The Integral Test is an essential tool in determining the convergence of an infinite series. If you have a series \( \sum_{n=1}^{\infty} a_n \), and you want to determine its behavior, the Integral Test states that you can find a function \( f(x) \) that matches \( a_n \).
This function should satisfy three conditions: it must be positive, continuous, and decreasing on the interval from \( n \) to \( \infty \).

• Positive: The function must yield positive values for all \( x > c \).
• Continuous: There must be no breaks in the function over the interval.
• Decreasing: The function must be steadily decreasing as \( x \) increases.

In practice, this means checking whether \( f(x) \) decreases as more terms are added.
If the integral of \( f(x) \) from \( c+1 \) to \( \infty \) converges, then the series \( \sum_{n=1}^{\infty} a_n \) converges as well. In the original exercise, using the integral test helped confirm that the series converged, aiding in determining the required number of terms for a specific error.

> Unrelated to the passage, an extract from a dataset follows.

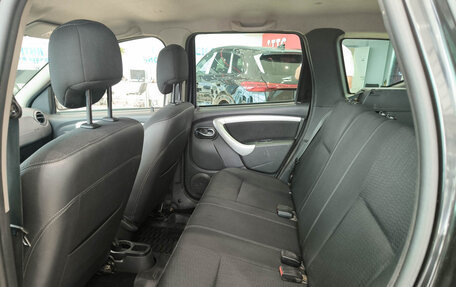 Nissan Terrano III, 2014 год, 850 000 рублей, 15 фотография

When dealing with convergent series, estimating the error can give you an upper bound for the approximation. This estimation plays a crucial role in knowing how many terms you need to include to achieve accurate results. The integral test not only tells us about convergence but is also used for estimating errors.
In our case, after applying the integral, we find an expression that describes the potential error when estimating the sum with a specified number of terms. This involves calculating the integral from \( n \) to \( \infty \) instead of considering countless terms, which is more practical.

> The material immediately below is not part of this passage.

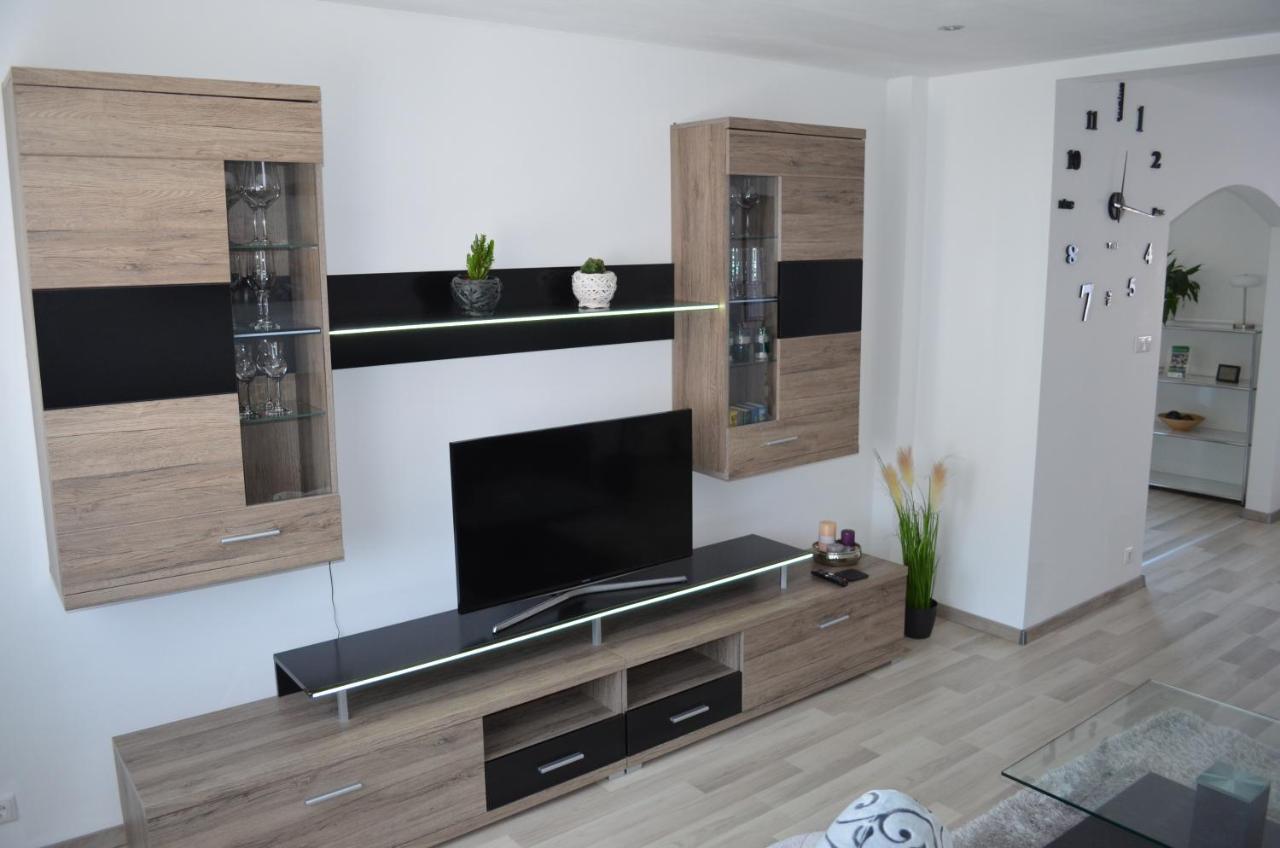 Ferienwohnung Stambach — Contwig — photo 3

• The integral gives an estimate for the sum beyond the term \( n \).
• Knowing and controlling the error allows accurate approximation of series up to desired levels, such as 0.01 in the exercise.

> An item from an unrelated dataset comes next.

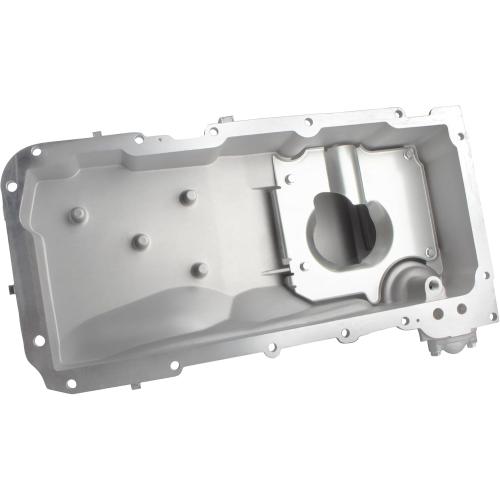 BOXI 264-480 Engine Oil Pan Fits for Cadillac Escalade for Chevrolet Express Silverado for GMC Savana Sierra Yukon for Workhorse / 12594603 12609074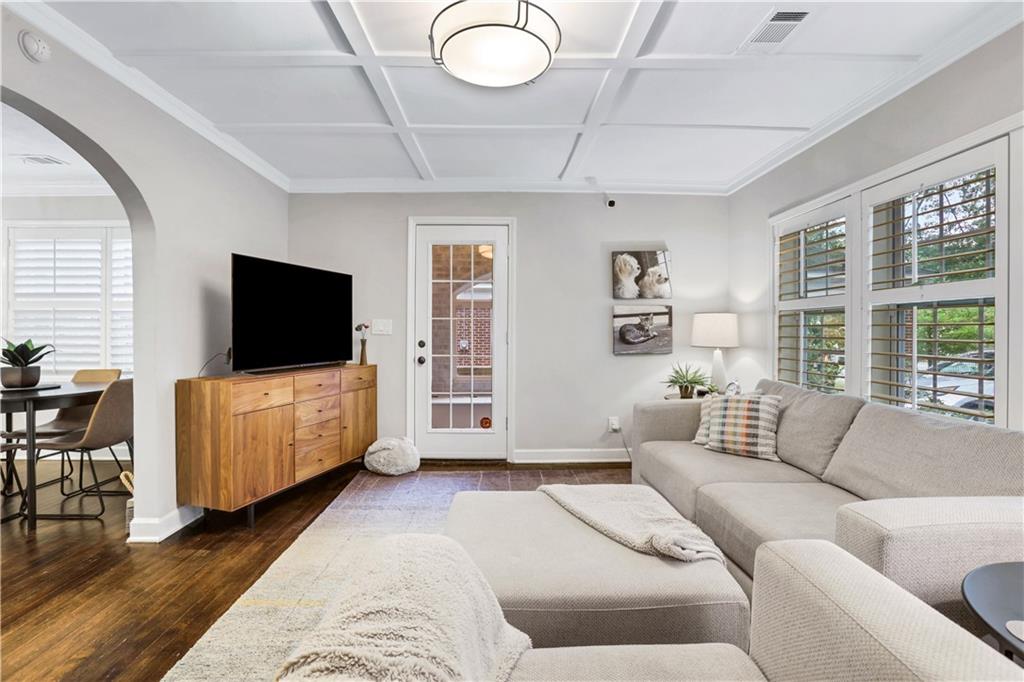 1444 Mcpherson Avenue SE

Essentially, error estimation simplifies the task significantly by providing a manageable way to understand how our approximation compares to the actual sum value.

The remainder of a series refers to the total of all remaining terms after a certain number of terms have been summed. Knowing how to handle remainders is vital when summing infinite series, as it directly correlates to error estimation and affects the accuracy of approximations.
In the context of the given exercise, after identifying the series remainder using integration, you can control the error margin. The integral gives a framework to estimate how the remainder behaves and provides assurances on how many terms are necessary to satisfy an inequality for error control.

• The remainder helps determine the necessary number of terms to achieve a specified accuracy.
• By bounding the remainder, you ensure that your partial sum does not exceed a given error threshold, such as 0.01.

Thus, understanding series remainder through integral estimation becomes critical in approximating sums without summing all terms officially.